Otrora indispensable en el idioma español antes y después de todo vocativo (“Te voy a matar, infeliz”, o “Gordita, ¿ya acabaste?”), no hace falta consultar una gramática para reconocer el servicio que esta coma brinda a la mínima claridad y la evitación de malentendidos (no es lo mismo “¿Quieres un café, viejo, negro y cargado?” que “¿Quieres un café, viejo negro y cargado?”). Pero como quizás los malentendidos no sean tan probables en las fórmulas de saludo con que encabezamos nuestras comunicaciones, parece que viene a dar lo mismo ponerla o no: al leer “Hola, Tobías” u “Hola Tobías”, lo más seguro es que Tobías entienda igual, y pase a lo que sigue.
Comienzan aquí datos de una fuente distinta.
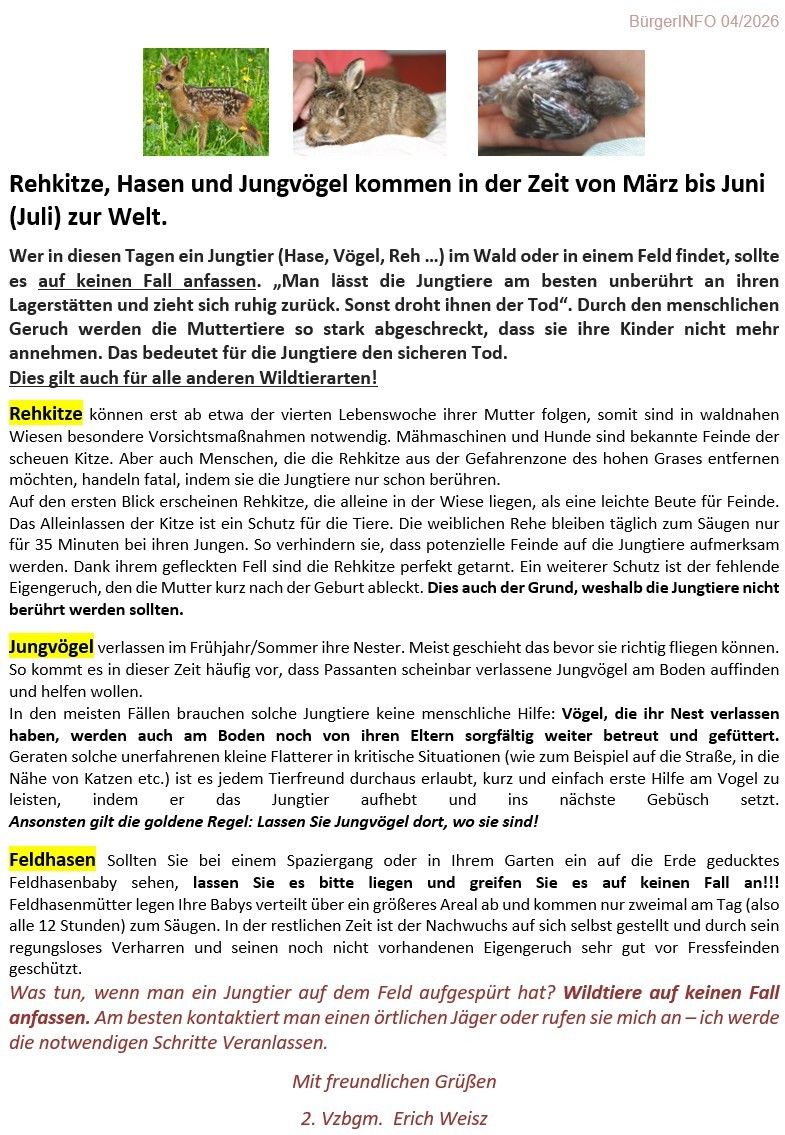 Rhekitze, Hasen und Jungvögel kommen in der Zeit von März bis Juni (Juli) zur Welt. Wer in diesen Tagen ein Jungtier (Hase, Vögel, Reh...) im Wald oder in einem Feld findet, sollte es auf keinen Fall anfassen. Man lässt die Jungtiere am besten unberührt an ihren Lagerstätten und zieht sich ruhig zurück. Sonst droht ihnen der Tod.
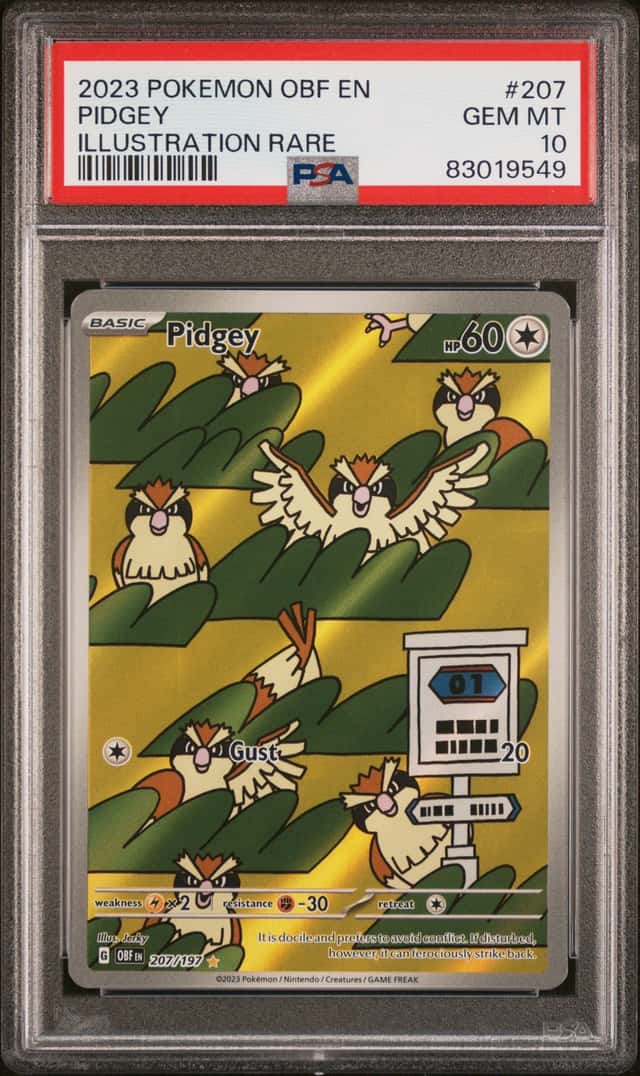 Pidgey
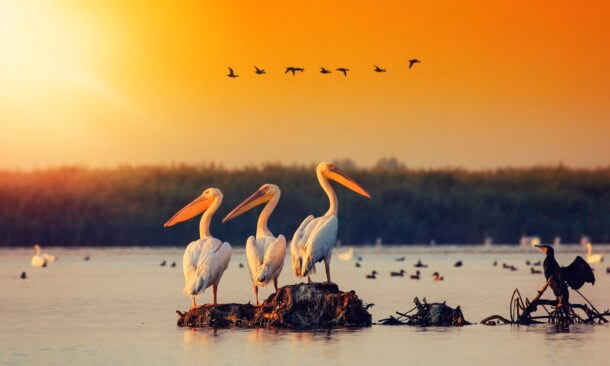 Three large white pelicans stand on a mound in a body of water at sunset, with other birds in the background.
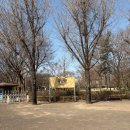 비어오크 | ONE OK ROCK 원 오크 락 2026 내한 콘서트 2일차 후기 입장 시간, 시야, MD (잠실 체육관)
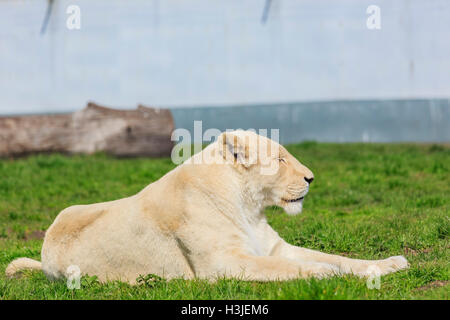 Spring Grove, APR 23 : Tigre du Bengale dans la belle West Midland Safari Park on APR 23, 2016 à Spring Grove, United Kingd Banque D'Images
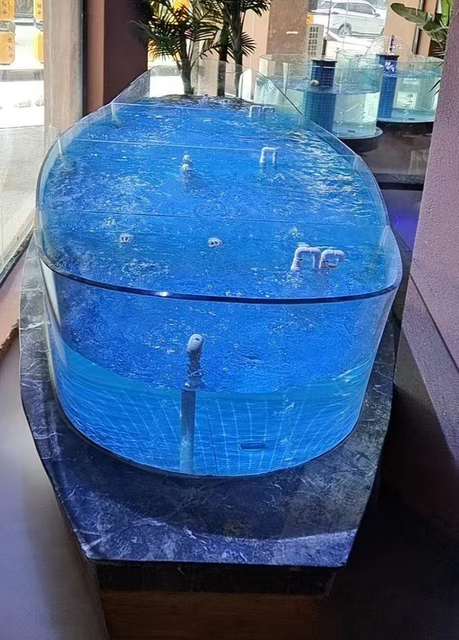 Supermarket seafood tanks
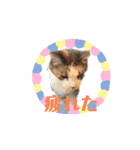 猫のNalaと犬のSemper（個別スタンプ：21）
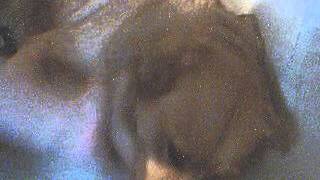 maverick restless heart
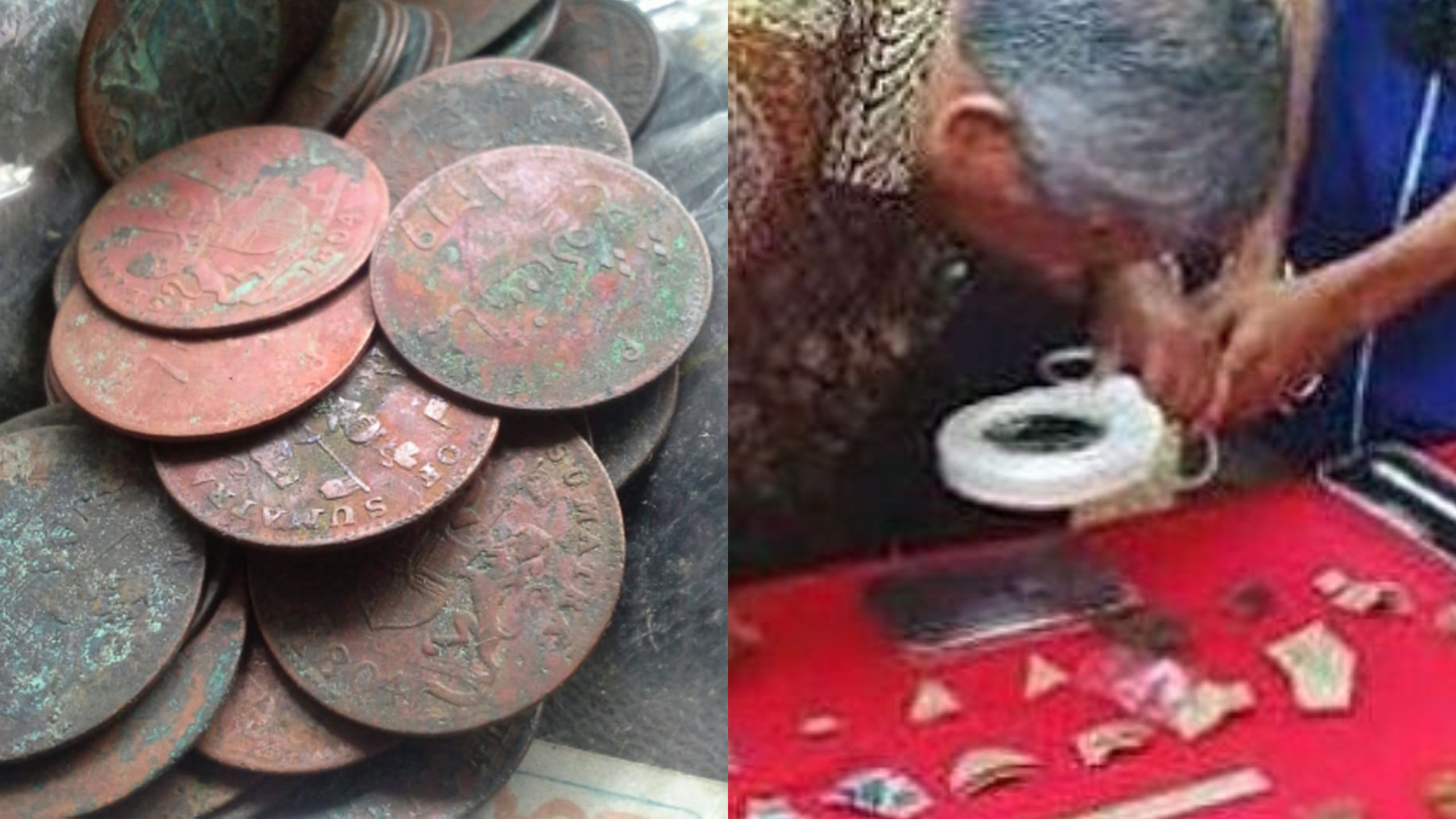 Benda Apakah Yang ditemukan di Situs Gunung Padang, Ada Koin Kuno dan Beliung Persegi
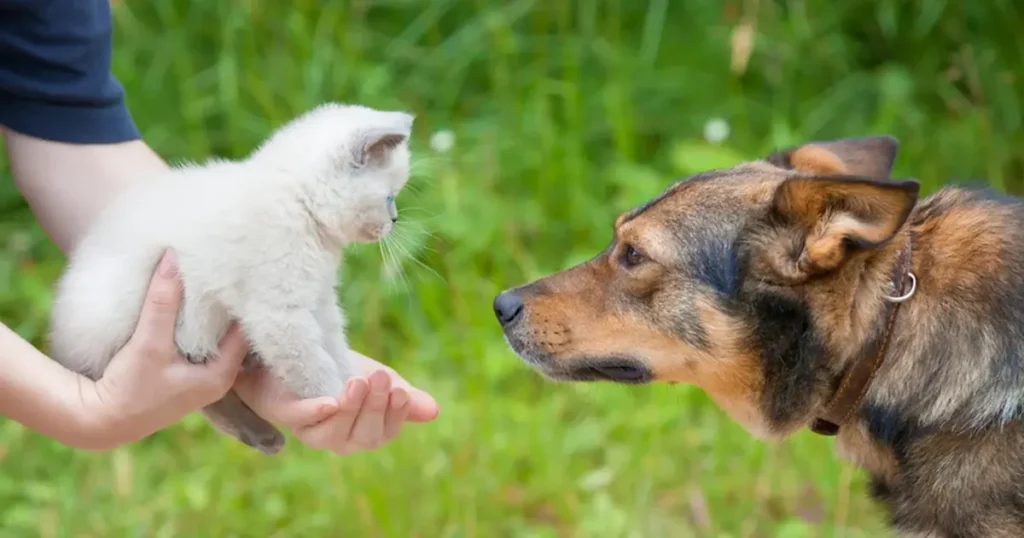 Healthy Pets Urgent Care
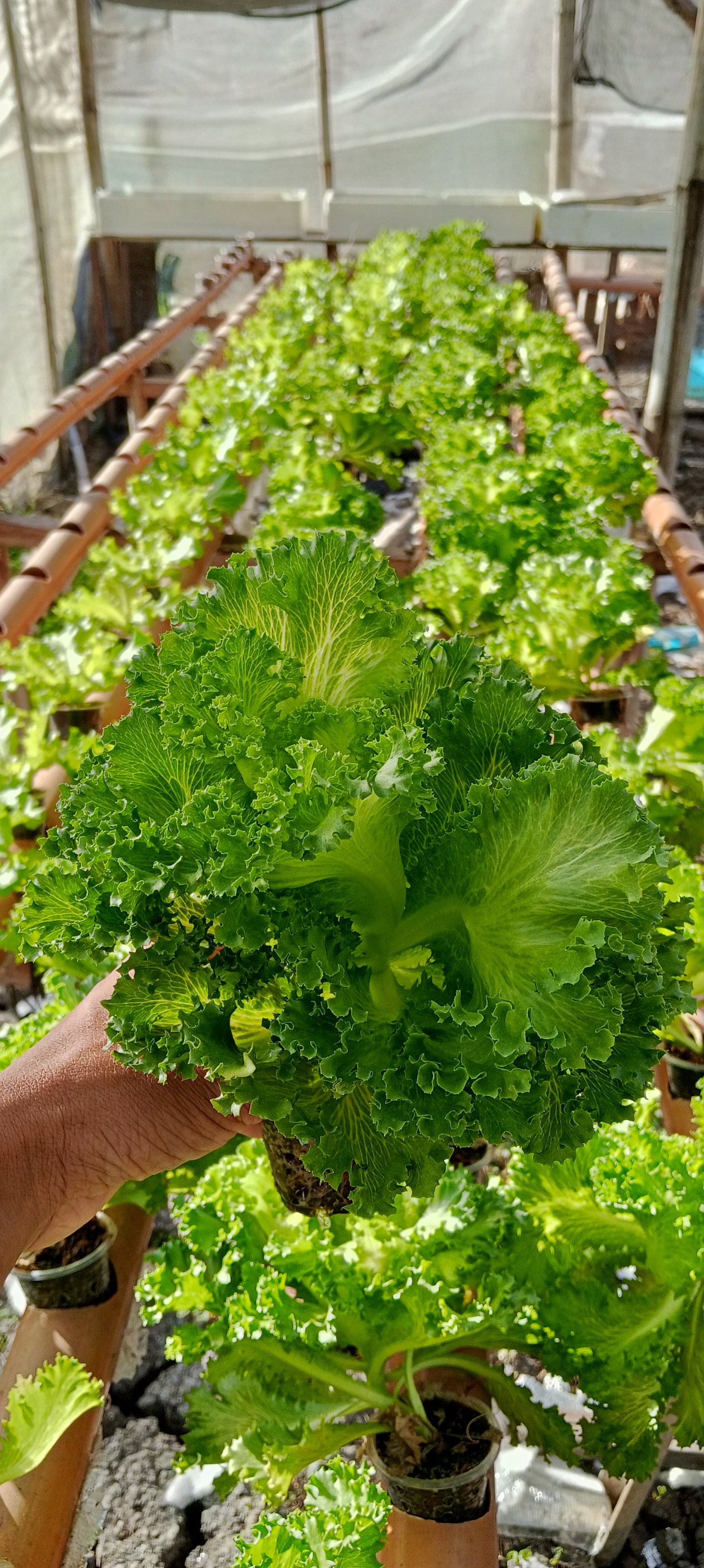 Lettuce(Lalique) photo 3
Incluso si lee “ola tovias” podrá seguir quedándole claro –aunque acaso se sobresalte, si algún escrúpulo guarda, o tal vez no le importe y responda “ola jorje”, especialmente si la comunicación ocurre a través de los diminutos teclados de sendos smartphones en los que a tovias y jorje les dé infinita pereza poner ningún cuidado–. No pretendo incurrir en las acusaciones apresuradas que tienden a lanzarse contra las llamadas nuevas tecnologías cuando se habla de la inobservancia creciente de la corrección en la escritura: prefiero creer que tanto trabajo cuesta teclear bien como teclear mal –sobre todo en las pantallas táctiles, aptas solo para los gnomos y no para los dedos humanos, máxime si estos van decorados con uñas de pulgada y media o si sostienen al mismo tiempo el volante del automóvil y un Frutsi–; sin embargo, sí reconozco que la alta velocidad de los intercambios de mensajes o correos electrónicos tiene el efecto pernicioso de inducirnos a la rapidez (y la malhechura) al redactarlos: puesto que el destinatario de mis palabras puede recibirlas al instante incluso si se halla en las antípodas, yo las escribo a la carrera, como si así fueran a llegar más rápido, desprevenido de que el vértigo empieza solo hasta que pulso la tecla Send.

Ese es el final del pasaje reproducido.